Her early works, even today under new publishing contracts, still do not reveal her gender. The Outsiders, a masterpiece that has taught five generations of young adults about the beauty and ugliness of growing up and discovering where you belong, still bears the initials, S. E.
Now that you have some insight into Hinton and one of the themes of the novel, read this excerpt from a letter Hinton wrote to her readers in 1995, upon her transition to Penguin Publishers. If you have the Platinum Seek edition, this letter can be found within the first few pages of the book:
It is very difficult for me to write about myself, and especially The Outsiders, which was written at a horrendous time in my life, was published by a series of mind-boggling synchronicities, and has gone further than any author dared dream.
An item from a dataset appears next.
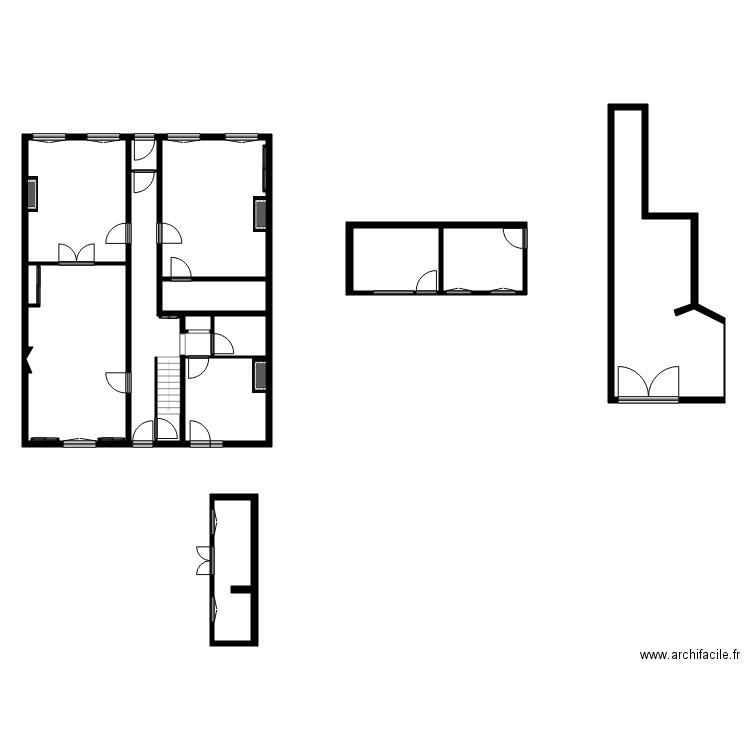 BLD Presbytere. Plan de 39 pièces et 522 m2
But I’ll give it a shot.
I wrote The Outsiders when I was sixteen years old. Actually I began it when I was fifteen, as a short story about a boy who was beaten up on his way home from the movies.
But I didn’t just write The Outsiders, I lived it. Looking back, I realize how important it was to me to have another life at that time. To be someone else. To deal with the problems I had to face, and write my way to some sort of understanding and coping. This is all in hindsight. At the time, I was mad about the social situation in my high school. I desperately wanted something to read that dealt realistically with teen-age life.
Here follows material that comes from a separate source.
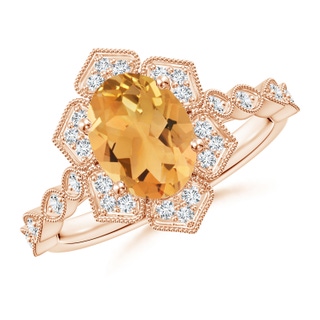 Oval A Citrine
I knew I was going to be a writer. I love to write. I began in grade school, because I loved to read, and liked the idea of making stories happen the way I wanted them to. By the time I was in high school I had been practicing for years. So I was both elated and not surprised when I received my publishing contract on the day I graduated from high school.
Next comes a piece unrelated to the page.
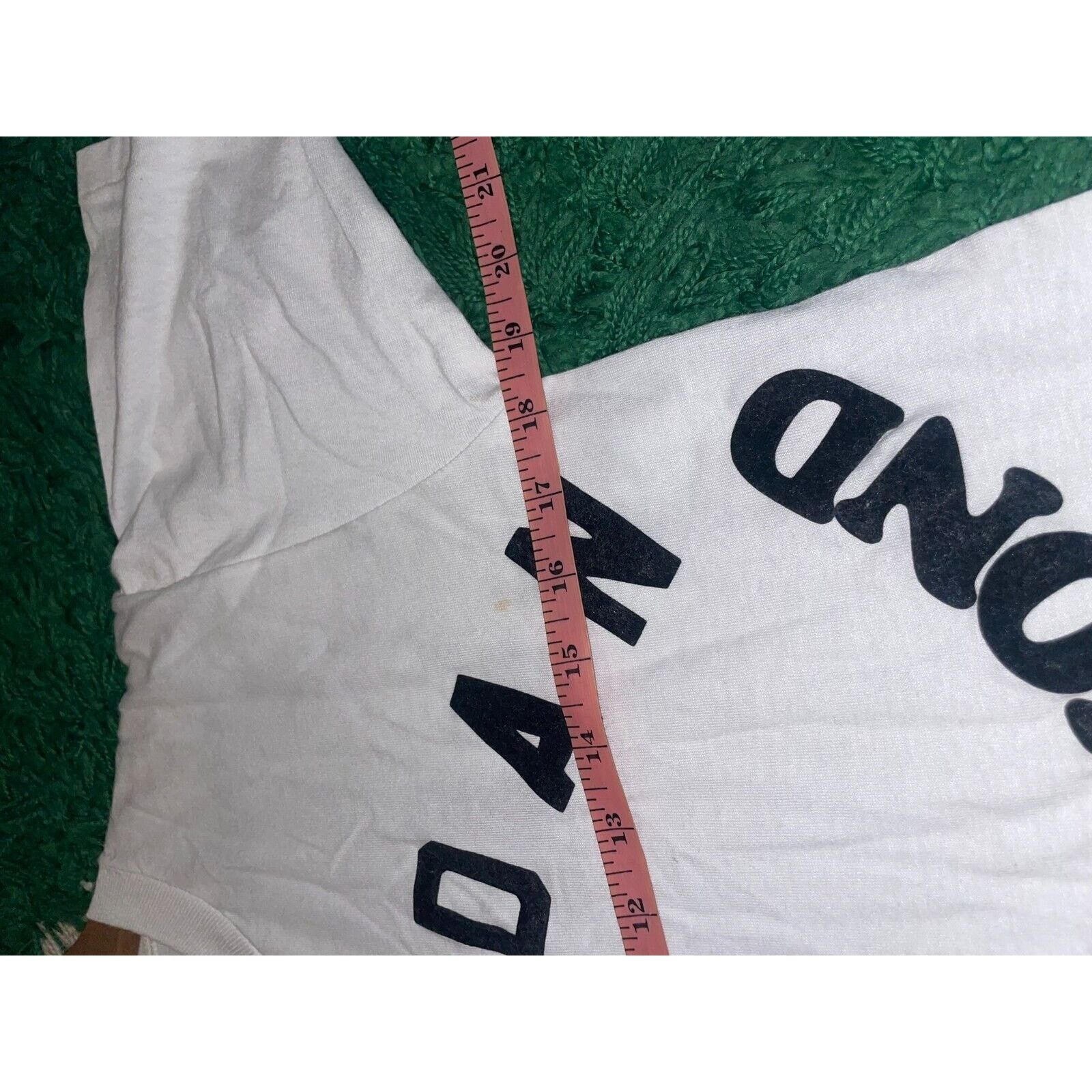 Jerzees Vintage Misprint Sheridan White Local Sport Team Shirt Size US M / EU 48-50 / 2 - 9 Thumbnail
Fans. I receive letters from every state, from dozens of foreign countries. From twelve-year-olds and forty-year-olds. From convicts and policemen, teachers, social workers, and of course, kids. Kids who are living lives like those in The Outsiders. Kids who can’t imagine living lives like those in The Outsiders. Kids who read all the time. Ones who never before finished a book.
The letters saying "I loved the book" are good, the ones that say "I never liked to read before, and now I read all the time" are better, but the ones that say "The Outsiders changed my life" and "I read it fifteen years ago and I realize how much it has influenced my life choices" frankly scare me. Who am I to change anyone’s life? I guess the best reply is "It’s the book, not the author" and "It’s the message, not the messenger." A lot of the time I feel that The Outsiders was meant to be written, and I was chosen to write it. It’s certainly done more good than anything I could accomplish on a personal level.
If this sounds like I am overwhelmed by the decades of incredible response to what began as a short story I started when I was fifteen years old, well, I guess that’s the truth.
Taken from the Author’s Foreword in The Outsiders Speak Platinum Edition, published by Penguin Group (1995).